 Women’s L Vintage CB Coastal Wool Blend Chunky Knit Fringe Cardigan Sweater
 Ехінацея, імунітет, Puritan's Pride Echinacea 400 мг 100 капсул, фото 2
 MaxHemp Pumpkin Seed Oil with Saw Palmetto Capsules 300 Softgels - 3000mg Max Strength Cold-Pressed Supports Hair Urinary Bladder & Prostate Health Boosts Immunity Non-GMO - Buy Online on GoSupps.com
■ ■ ■
- _REQUIRED ACTION_: Would you write out all of the data again, unchanged?

- _RESPONSE_:
 Women’s L Vintage CB Coastal Wool Blend Chunky Knit Fringe Cardigan Sweater
 Ехінацея, імунітет, Puritan's Pride Echinacea 400 мг 100 капсул, фото 2
 MaxHemp Pumpkin Seed Oil with Saw Palmetto Capsules 300 Softgels - 3000mg Max Strength Cold-Pressed Supports Hair Urinary Bladder & Prostate Health Boosts Immunity Non-GMO - Buy Online on GoSupps.com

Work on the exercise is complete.